**Exercise objective:** Give all of the data below again exactly, and drop the images.

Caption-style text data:
- - -
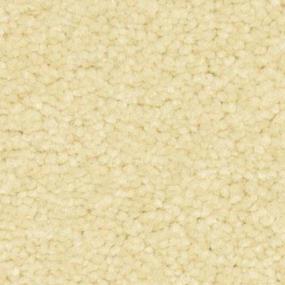 Crema Zoomed Swatch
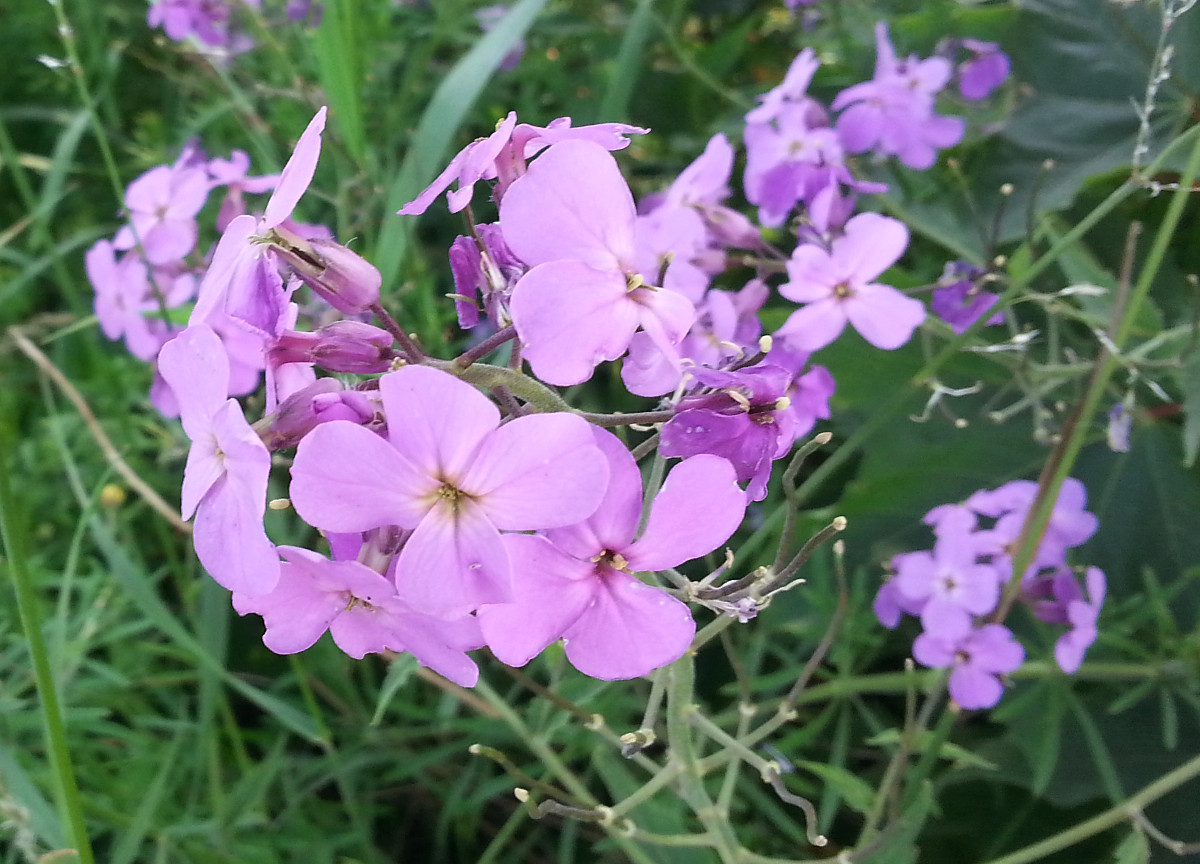 20140603_hesperis.jpg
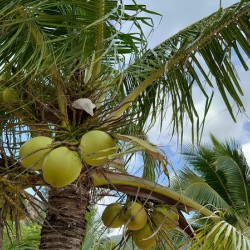 Cocunuts in the sky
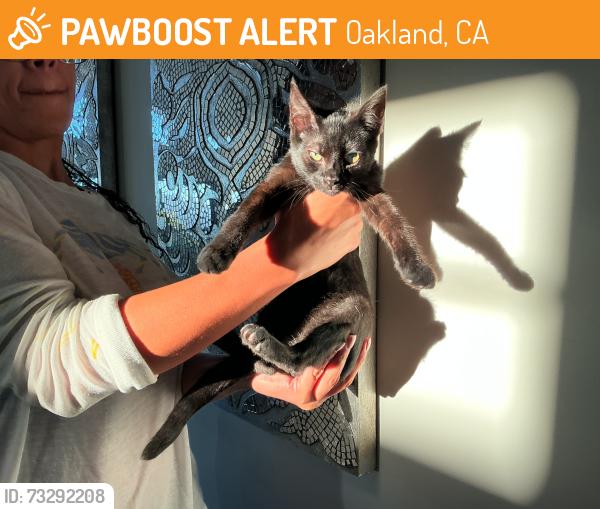 Found/Stray Male Cat last seen Colton Ave Oakland, Oakland, CA 94611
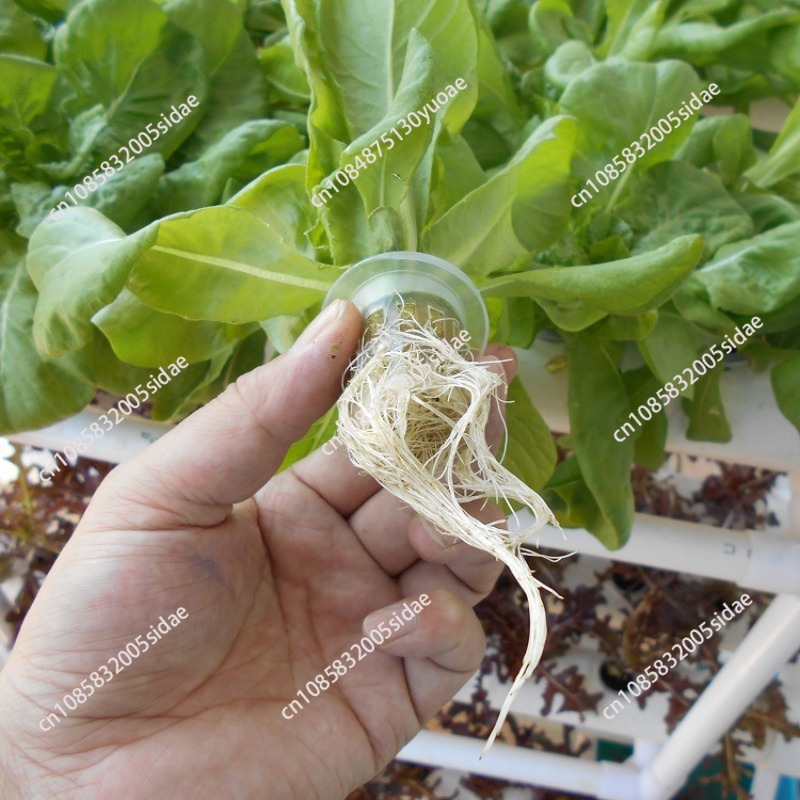 3層式水耕栽培システムキット 108サイト PVCパイプ 土 - Indoor Herb Garden Kit のレビューと価格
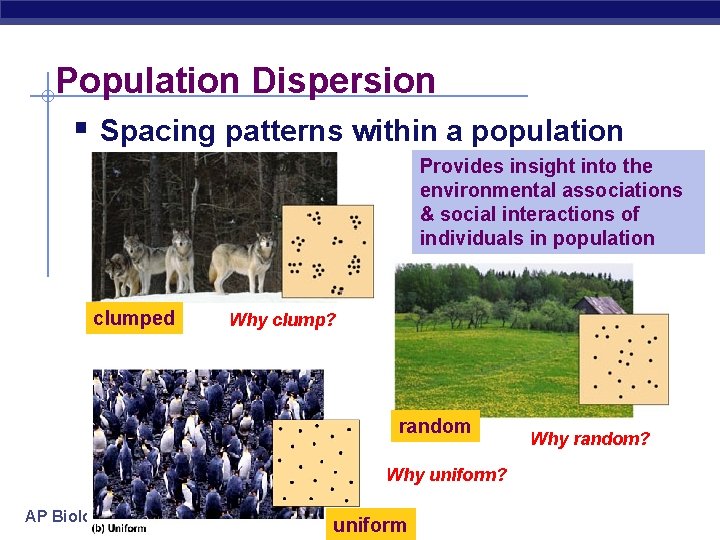 Population Dispersion § Spacing patterns within a population Provides insight into the environmental associations Population Dispersion § Spacing patterns within a population Provides insight into the environmental associations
- - -
**Expected output:**
 Crema Zoomed Swatch
 20140603_hesperis.jpg
 Cocunuts in the sky
 Found/Stray Male Cat last seen Colton Ave Oakland, Oakland, CA 94611
 3層式水耕栽培システムキット 108サイト PVCパイプ 土 - Indoor Herb Garden Kit のレビューと価格
 Population Dispersion § Spacing patterns within a population Provides insight into the environmental associations Population Dispersion § Spacing patterns within a population Provides insight into the environmental associations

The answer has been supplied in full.